Plenty of range time at varying distances is a must if you ever plan to attempt long shots in the field.
I have just added the third book on “how to make long shots” to my library. All are filed in the fiction section. Like the previous two, this one is bogus. In this case, I have hunted with the author on several occasions and can attest to the fact that he is one of the worst field shots I’ve ever known. These books and the pundits that write them deal with making ultra-long (500-yard or longer) shots at game. Often, they discuss shots in the 700- to 1,000-yard range. Anyone that promotes such shooting at living targets is both unethical and counterfeit.
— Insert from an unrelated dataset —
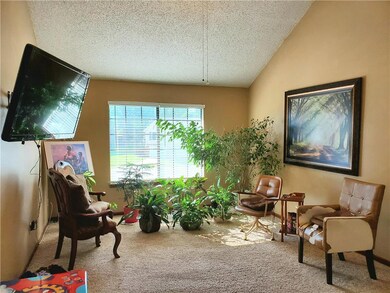 Second living room with vaulted ceilings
Yes, it’s possible to make such shots — target shooters do it all the time. But it takes an intimate knowledge of the rifle’s trajectory, absolute certainty of the distance, an exact knowledge of the wind speed and direction (both at the shooter’s location and at the target), a rock-solid rest and a target standing perfectly still.
I have been hunting around the world for more than 50 years, and these ideal conditions are rarely, if ever, present in the real world. It’s pure theory, usually proposed by writers who do most of their hunting on a keyboard. For the average hunter, equipped with a conventional rifle, ammo and scope setup, under real field conditions, 300 to 400 yards is the practical outside limit for shooting at any animal — and even there, making the shot takes a lot of pre-hunt preparation.
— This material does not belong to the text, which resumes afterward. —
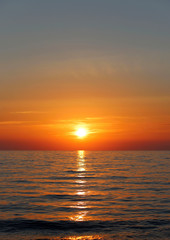 Obrazy na Szkle  Piękny zachód słońca nad Morzem Tyrreńskim w Toskanii, Włochy
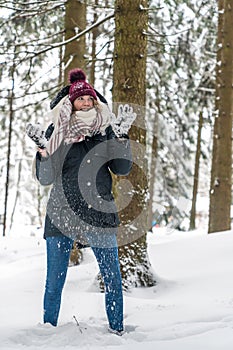 A young woman has fun in a winterly forest photo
First, if an animal is 400 yards away and moving, you don’t have a shot. If the animal is slowly grazing, or bedded, chances are you can get closer. That is always the first option any hunter should explore. However, there are times when the terrain, wind or lack of cover simply won’t allow you to get any closer, and a long shot is your only option. In such cases, here’s how to get it done.
1. You must prepare in advance. Preparation for a possible long shot begins at home. You must have an accurate rifle and load combination. If your setup won’t consistently group, hot or cold, in 1 1/2 inches or better at 100 yards, don’t even think about shooting at 400.
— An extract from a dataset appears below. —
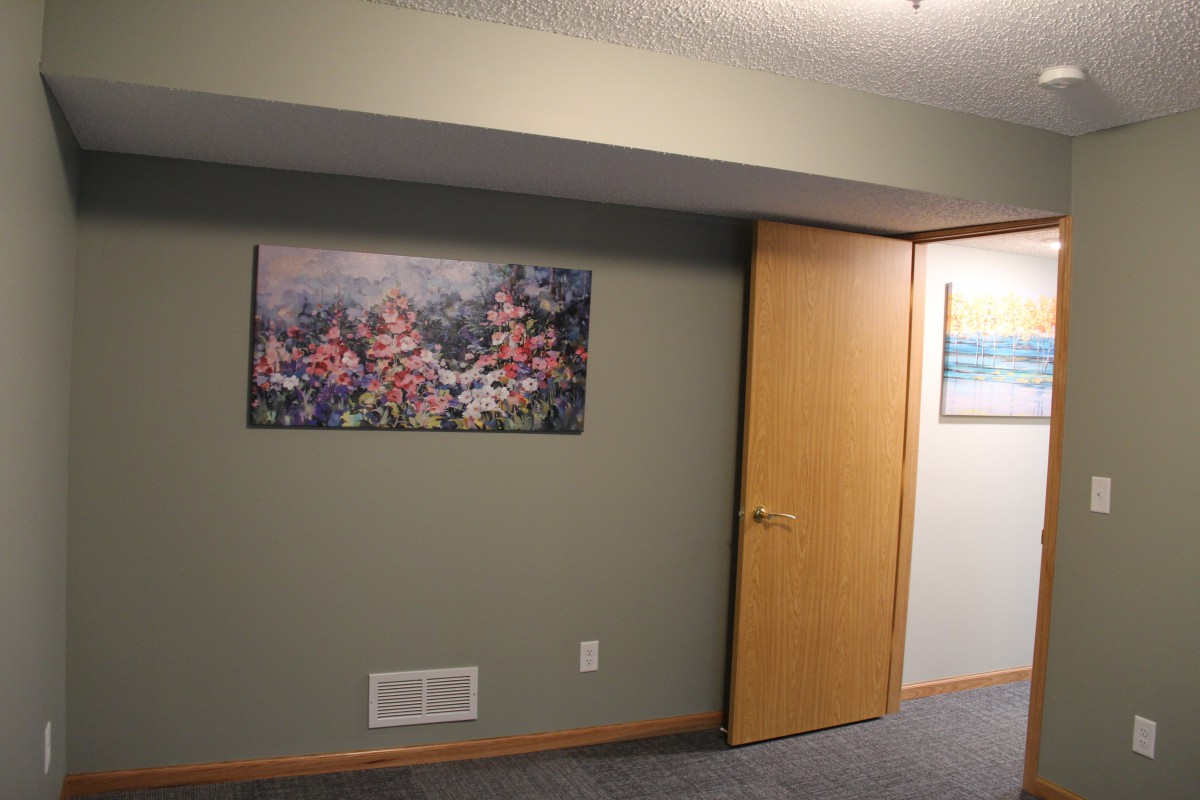 Interior room with paintings on the wall and an open door.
2. You must zero for the long and short shot. Most of my big-game rifles are set to strike 2 ½ inches high at 100 yards. By sighting them in that way, I create a maximum point-blank range. That means from the muzzle out to 300 yards and beyond (depending on load) the bullet will rise 3 inches and drop 3 inches, staying within a 6-inch kill zone. That results in a point-and-shoot distance with no holdover that will work in nearly all hunting conditions. Check any ballistics table or loading manual to find out what your load’s maximum point-blank range is, and how to zero to get it.
If you anticipate longer shots, a practical alternative is a scope reticle with built-in hash marks for different distances or an adjustable turret, like Nikon’s BDC reticle. The key to using these is an absolute confidence in the distance, and no matter how good at judging distance you think you are, no one is accurate enough past 200 yards.
3. You must use a laser rangefinder. Today, rangefinders that read out to 1,000 yards are cheap, light and rugged. They are a must-have for anyone attempting a long shot.
4. You must practice shooting at long distances under field conditions, not sitting comfortably on a solid range bench. Whether you sit on your haunches and use crossed shooting sticks or choose to lay prone with your rifle on your pack, the place to learn and perfect your technique is at the range, not in the field. Only such practice will clearly show you what you can expect of yourself and your rifle in the field.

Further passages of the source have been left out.